Am 28. Dezember 2022 wurde in Santa Cruz der nunmehrige Gouverneur des Departements Luis Fernando Camacho festgenommen. Er hatte sich geweigert, vor Gericht zu den Vorgängen um die Machtergreifung von Jeanine Áñez auszusagen. An den Treffen in der Universidad la Católica hatte er selbst nicht teilgenommen, aber einen Vertreter geschickt. Insbesondere hatte er sich öffentlich damit gebrüstet, dass sein Vater die Polizei geschmiert, zur Meuterei angestiftet und es mit dem Militär „geregelt“ habe. Schon kurz nach seiner Inhaftierung bekam er Besuch von Vertretern des chilenischen Boric-Widersachers und Pinochet-Bewunderers José Antonio Kast sowie der rechtsextremen spanischen Partei VOX.
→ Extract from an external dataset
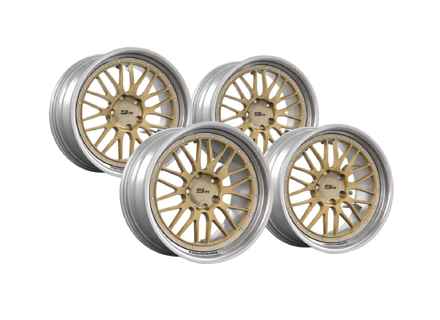 Juego de llantas de aleación forjadas RSR de Ninemeister. Porsche 964 / 993 / 996 / 997 / 991 / 992 / 986 / 987 / 981 / 718 - 9MRSRF21, 9MRSRF17, 9MRSRF18, 9MRSRF19, 9MRSRF20, 9MRSRF22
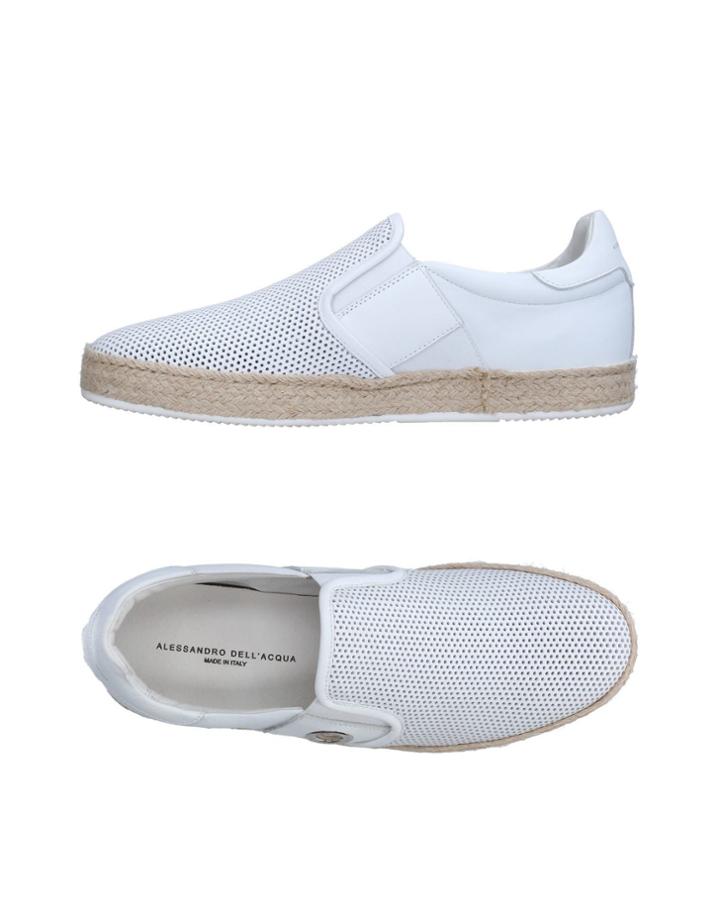 Alessandro Dell'acqua Espadrilles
Etwa zur gleichen Zeit zog Peru seine Botschafterin aus La Paz ab und Evo Morales, inzwischen MAS-Parteichef, erhielt Einreiseverbot. Die Schuldzuweisungen an Bolivien für die Unruhen in Peru nahmen zu. Ende Jänner bezeichnete der fujimoristische Abgeordnete Eduardo Bustamante die von den Protestierenden benutzte bunte Wiphala-Fahne als „trapo“ (Fetzen), wie ihn auch der „Narcoterrorist Morales“ benutze. Bustamante forderte die Militarisierung der Grenze und ein Ultimatum an das Nachbarland. Wenn Bolivien nicht aufhöre, die Proteste in Peru anzustacheln und zu finanzieren, solle das Militär dort einmarschieren und Rohstofflager besetzen, damit man hinterher Reparationszahlungen geltend machen könne. Es gibt freilich keinerlei Beweise für eine Einmischung Boliviens in Peru. Vielmehr entstehen dem Binnenland Bolivien Millionenschäden dadurch, dass Peru seine Probleme nicht geregelt bekommt und Hunderte von Lastwagen seit Wochen beiderseits der Grenze in Desaguadero festhängen. Die Bevölkerung in den südlichen Provinzen Perus, von denen die Proteste ihren Ausgang nahmen, ist bäuerlich-indigen geprägt und arm. Bei Puno verläuft die Sprachgrenze zwischen Quetschwa und Aymara, das in der Gegend rund um den bolivianischen Regierungssitz La Paz gesprochen wird. Die Menschen dort haben vieles, was sie kulturell verbindet. Sie brauchen aber gewiss keine auswärtigen Anstifter, um sich zu empören und zu protestieren. Was die absurden Anschuldigungen und die Beleidigungen gegen Symbole wie die Wiphala-Fahne zeigen, ist vor allem, dass hier wie dort die gleichen Kämpfe um soziale Gerechtigkeit und Emanzipation geführt werden. Beim Einzug von Frau Áñez in den Präsidentenpalast in La Paz wurden ebenfalls Wiphala-Fahnen verbrannt und Gouverneur Camacho hatte sich stets geweigert sie zu hissen. Die siebenfarbigen Quadrate fanden sich auf Inka-Textilien. Ob es sich um eine Inka-Flagge handelte ist nicht erwiesen. Doch im ganzen Andenraum und darüber hinaus gilt sie heute als indigenes Symbol. Sie zu missachten zeigt nur Unverständnis und rassistische Verachtung durch Eliten, die sich an die Macht und ein anachronistisches Herrschaftssystem klammern. Und genau darum geht es beim Kampf um die Demokratie.